После войны Часовой костыли свои забросил, но бороду не сбрил. Жена его, не разродившись не то пятым, не то шестым ребенком, умерла в больнице, отчего Часовой стал пуще прежнего "веровать" в бога. Работал он в колхозе ни шатко ни валко, был своего рода "универсалом": сегодня подвозит к тракторам воду, на другой день с женщинами окучивает капусту, а на третий, глядишь, длинная фигура Часового уныло маячит на вышке пожарного сарая…
Вот такой человек и оказался третьим членом нашей небольшой плотницкой артели. Пока я смутно представлял, что может сделать наша артель: хромой Олексан Буранов, "святой" человек Часовой и я…
Воткнув топор в обрубок дерева, я присел чуть в сторонке. Дядя Олексан сплюнул под ноги.
— Тоже небось скажешь, что сюда снарядили?
— Сюда, — покорно мотнул я головой в ответ.
Невозмутимого дядю Олексана взорвало:
— Спустить бы с того Васьки штаны да лупануть хорошенько крапивой! Что он, в самом деле, смеется, что ли? Не мог подобрать стоящих людей!.. Эх, горе девичье, а не бригадир.
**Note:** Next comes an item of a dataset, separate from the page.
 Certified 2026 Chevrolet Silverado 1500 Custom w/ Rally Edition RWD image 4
Вот, Олешка, скажи мне: управлялся ты когда-либо плотницким инструментом, хотя бы тем же топором?
— Не приходилось, дядя Олексан… Да я и не хотел сюда, бригадир вот…
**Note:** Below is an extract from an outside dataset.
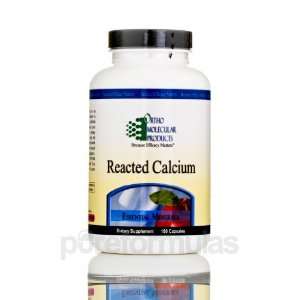 Ortho Molecular Products Reacted Calcium 180 Capsules 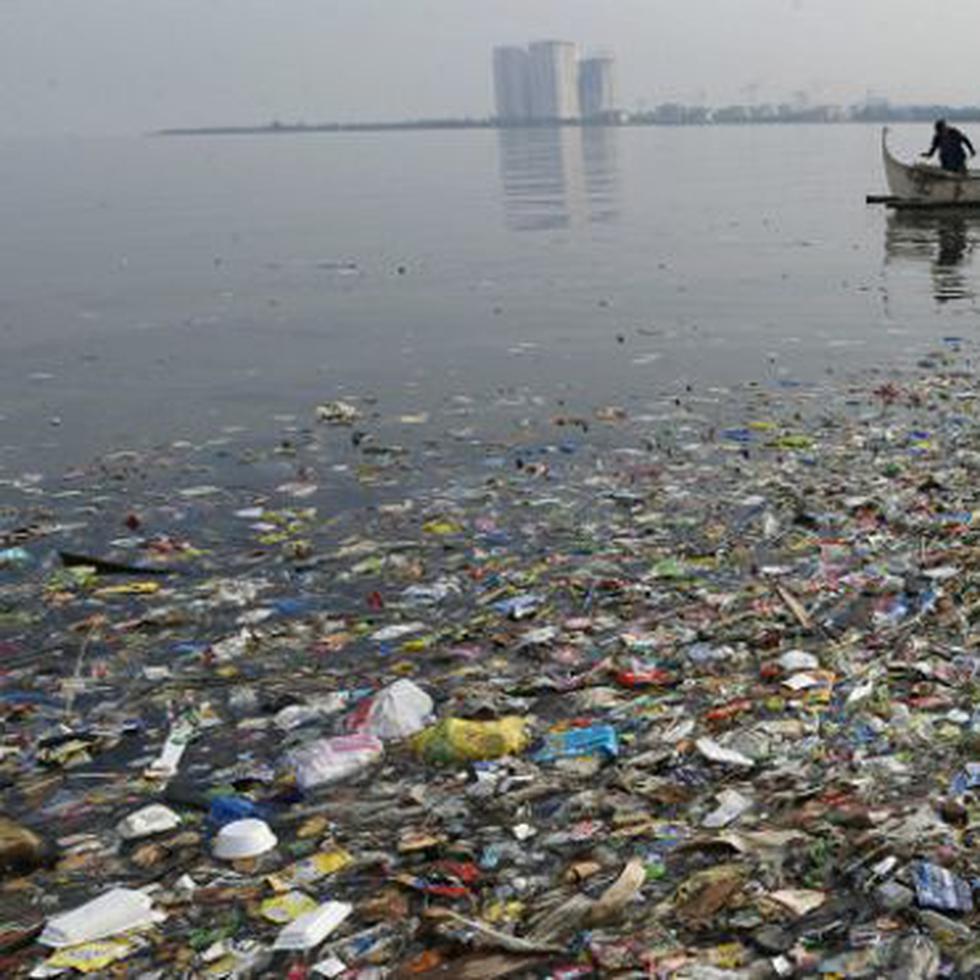Más de la mitad de los residuos plásticos que terminan en los océanos proviene de cinco países: China, Indonesia, Filipinas, Vietnam y Sri Lanka (BBC)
— Ладно, уж и то хорошо, что по-честному признался. А то вот Иван из себя мастера корчит: и не плотник, да стучать охотник!
Часовой хмыкнул, но промолчал.
Старательно затоптав окурок, дядя Олексан поднялся. Оказывается, он до нас уже успел подвезти от пилорамы свежераспиленного теса. Вдвоем с Часовым они принялись распиливать заготовки для кормушек, а меня послали в коровник — разбирать старые, пришедшие в негодность кормушки. До обеда я провозился там: железным ломом выворачивал затоптанные в грязь полусгнившие доски, выдергивал тисками здоровенные ржавые гвозди… Работа не из приятных: густой застоялый навозный дух шибает в нос, першит в горле, до слез щиплет глаза. Стиснув зубы, нажимаю на рычаг "выдерги" — железные челюсти длинных тисков бульдожьей хваткой вцепляются в шляпу гвоздя. Еще, еще сильней… трах! — полусгнивший гвоздь отлетает в сторону. Откуда-то из глубины памяти всплывает "закон рычага", в голове заученно вертится: "Выигрывая в силе, проигрываешь в расстоянии, и наоборот…" Хотел бы знать, в чем выигрываю я, воюя со старыми гвоздями, задыхаясь от вони и пыли?